My friend looked at me. As if waiting for a response, but also satisfied that they have put this out there.
I swallowed.
This thought had not landed well with me, and I was struggling to articulate why.
My struggle was where this joy-less, grief-less, hyper-rational approach to life leads us. That's all I could say in response.
But that wasn't the totality of it.
I've thought more about it.
It's been needling away at me.
The thing that bothered me was what if the thought that dominates us actually squashes any likelihood of an emotional response at all?
What if the thought was, "fuck it, nothing matters anyway."
And what if our capability for dealing with our swirling emotions is so diminished that we like this thought because it means we just don't care enough to feel anything about anything?
Because I think lots of people are right here, right now, thinking like this.
Apparently, it's called neo-nihilism.
Forget striving, performative excellence, and living your best life on social media. Because N-O-T-H-I-N-G-M-A-T-T-E-R-S, anyway.
And hell, that's a soothing thought, isn't it?
Why bother with masks, or vaccines, or getting up to go to work in the morning?
Because it's all so fucking pointless.
And that's what's been needling me.
Because I get it.
It can all seem trivial, useless and pathetic, this human experience of ours, to transcend the disorder and chaos of the universe and our petty lives.
In the grand scheme of things, we all return to atomic matter, so why bother?
I bother because though the chaos is sometimes overwhelming, I would rather I have it than not.
I bother because I want colour in my life, not the hyper-rational grey world of thought alone.
I bother because when we cope together to rejoice and experience positive emotions together, there’s nothing else like it
Because who would choose thought alone over a balanced life?

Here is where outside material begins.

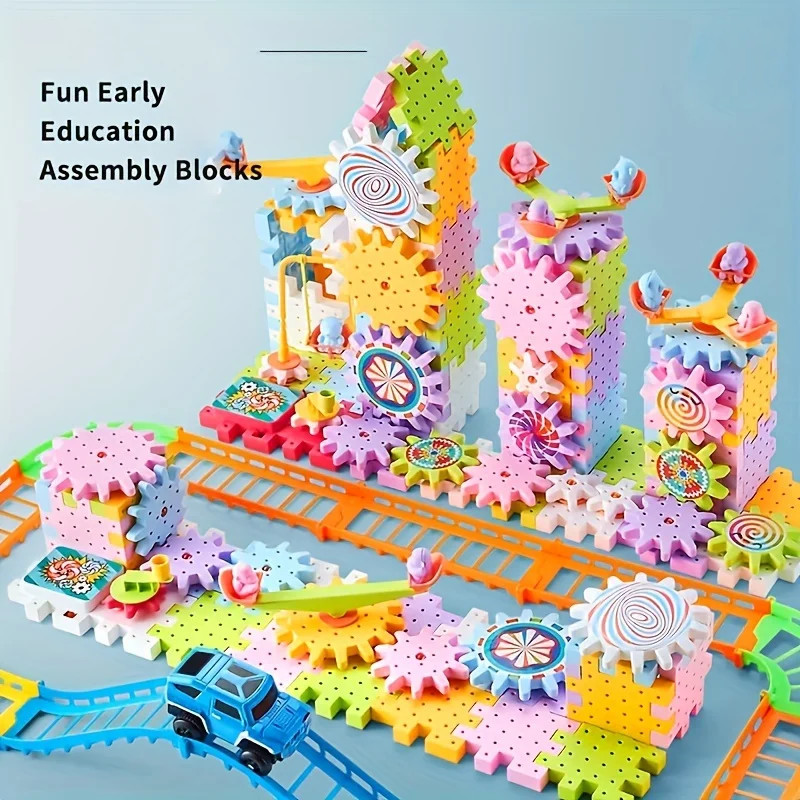 Jual Electric Gear Building Toy Set Motorized Spinning Gears Set Gear ...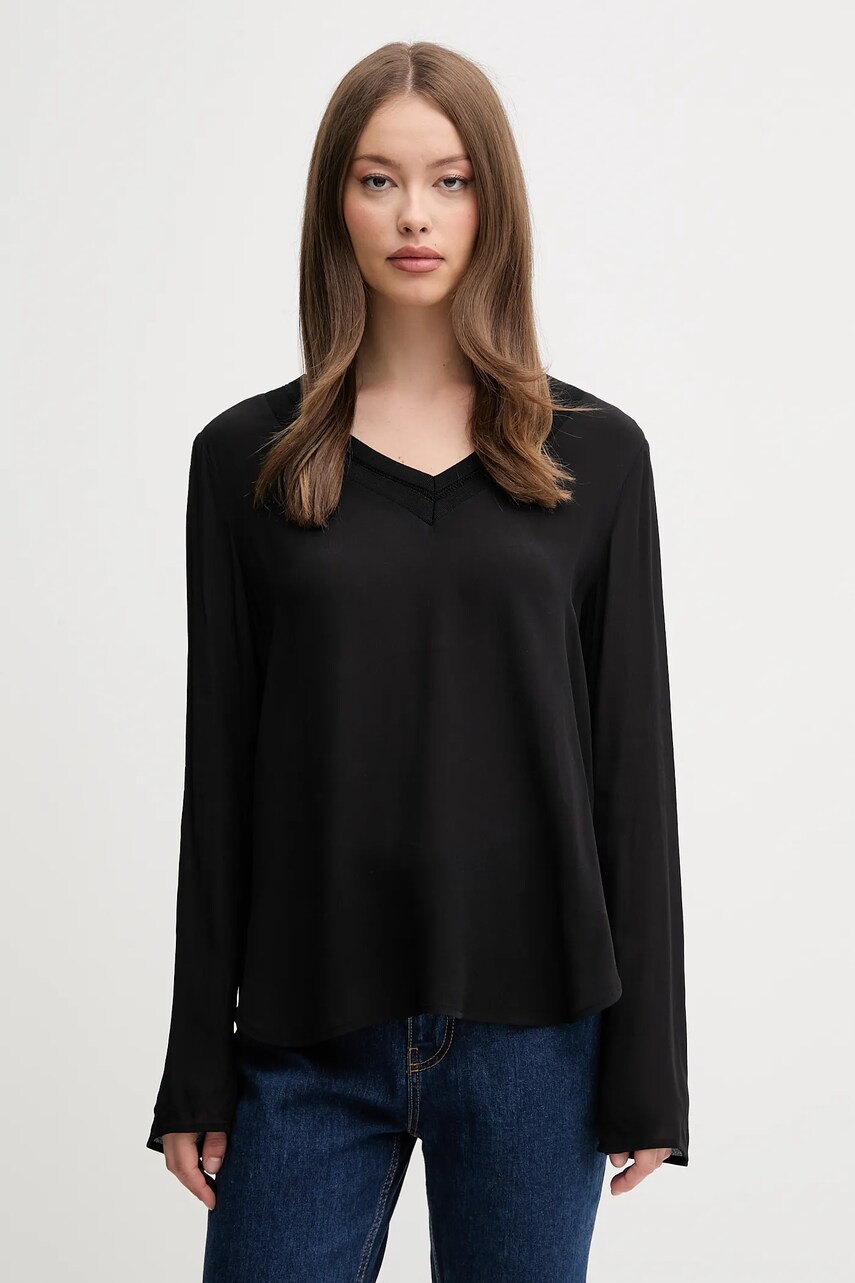 Sisley bluză culoarea negru, uni, 5IDTLQ08F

Not a life where we are ruled and made miserable by our emotions, driven to behave in ways that we later regret, or are made to regret by others. Yes, there is risk here, which we have seen in recent years, which is what, in retrospect, I think my friend was getting at.
But I mean a life where we see emotions for what they are.
Fleeting glimpses of what life means to us, good / bad / up /down/ rageful / regretful /resentful / grateful/ joyful / graceful - and everything in between.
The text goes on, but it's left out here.